DCBIOSTEC 2021 Abstracts

Full Papers
Paper Nr: 2

Experimental Evaluation of a Gas Sensors Array for the Identification of Complex VOCs Mixtures in the Breath of Patients by Pattern Recognition Techniques


Justin Martin

Abstract: Lung cancer is one of the deadliest form of cancer in Europe, being the first and second cause of cancer death respectively for men and women. This high death toll has to be blamed on the lack of obvious symptoms in the early stages of the illness. Current diagnostic methods tend make the screening costly and difficult to organise at a large scale. Asymptomatic subjects and people in remote areas are rarely tested overall, leading to late discovery of the cancer and poor survival chances. There is therefore a need for a diagnostic method that could be used remotely while being simple enough to be used with little prior formation. Gas sensor arrays have properties fitting for the task. This thesis aims at creating and testing a sensor array in order to build a benchmark on which one can compare the discriminative power of different arrays. Several tasks will be performed simultaneously: The first is the establishment of a standardized test method of the metrological characteristics of commercial thick film sensors as well as experimental ones, and their qualities within a sensor network. The second is the integration of experimental sensors into a prototype gas sensor array consistent with the final purpose of the device. The third is the validation of the test method with the prototype electronic nose, which requires the reproducible synthesis of reference gas mixtures. It is also planned to use real breath from healthy persons and cancer patients as validation of the benchmark’s conclusions. The last task is about the processing and analysis of data and the identification and classification of samples in order to obtain a measurement of the array’s discriminatory power. This thesis is part of the PATHACOV research project, funded by Interreg France-Wallonie-Vlaanderen.

Paper Nr: 4

Motility Analysis and Classification of Lipid Droplets in the Cytosol of Living Cells


Jonas Schurr, Julian Weghuber, Peter Lanzerstorfer and Stephan Winkler

Abstract: In this paper, we present an analysis tool for motility classification and analysis of lipid droplets. We provide a fast and easy-to-use semiautomatic workflow for a comprehensive motion analysis. It includes unsupervised image processing algorithms for the detection, tracking, feature extraction and further analyses. We developed a simple unsupervised but robust detection algorithm. It is based on a convolution filter which can be adapted for high reusability. No preprocessing is required. A neighborhood-based approach for the tracking allows the extraction of important metrics describing the trajectory of each droplet. With these features we provide a customizable threshold-based classification to simplify further examinations. Additionally, the mean squared displacement is calculated at each time point to allow a determination of the motility mode.

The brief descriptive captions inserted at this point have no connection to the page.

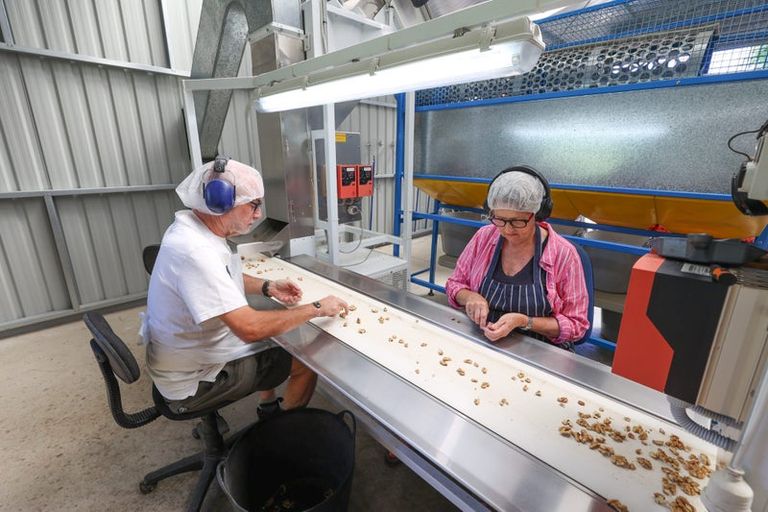 Photo of property in 60 Golden Hills Road, Appleby, Richmond, 7081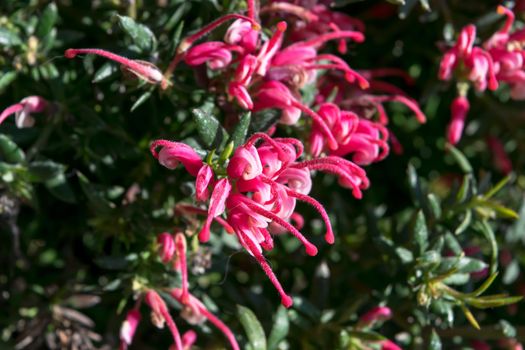 Close-up of a wonderful plant of Justicia carnea, with its characteristic colorful flowers.
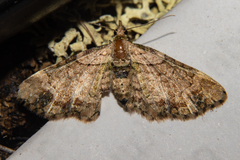 Chloroclystis sphragitis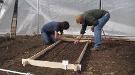 Workers planting seeds inside the high tunnel using a wooden frame to determine spacing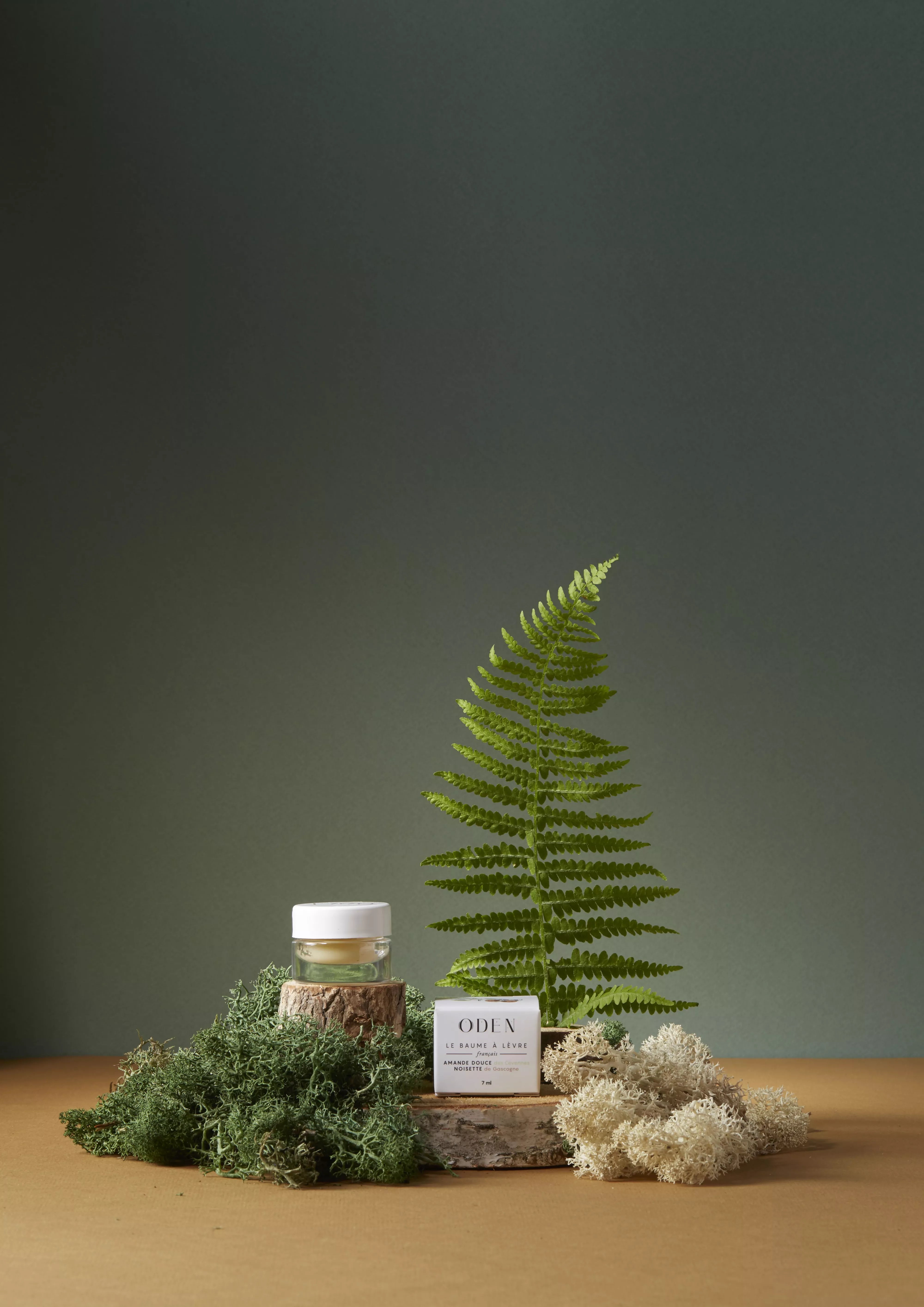 Baume à lèvres naturel – Protection et douceur en automne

Based on these values an estimation of unknown parameters can be performed to provide additional information about the diffusion. With our approach we speed up, simplify and further automatize the information extraction process of lipid droplet analyses.

Paper Nr: 5

Machine Learning Models for Predicting Disease-related Biological Interactions


Ivan Carrera

Abstract: Drug repositioning is a process that, by means of identifying new targets for a specific drug, changes its initial purpose. Analyzing biological interactions, i.e., relationships between drugs and their targets, or associations between cell lines and genes, is an effective approach for drug repositioning, and for predicting side effects of drugs in patients. Drug repositioning based on the analysis of scientific literature is growing at a quick pace, becoming a high-impact big data problem. Health big data can benefit from being analyzed using machine learning strategies for extracting and summarizing information, and automated processing will allow scaling up the analysis with a much broader set of data. The main goal of this work is to develop a set of computational models to automatically identify, classify, and discover new biological interactions, namely new drug-disease interactions, as well as drug-cell line interactions. Machine learning and data mining techniques are used to identify interactions over a set of pharmacological and biological databases, and scientific literature. Data for these analyses will be obtained from scientific literature and open databases, such as ChEMBL, DrugBank, KEGG, PubMed, OMIM, etc. Once interactions are classified, we will introduce a prediction model to identify new possible effects of known drugs. Preliminary work has shown promising results for characterizing cell lines and diseases, and for discovering new interactions between chemical compounds and cell lines, as well as between chemical compounds and diseases.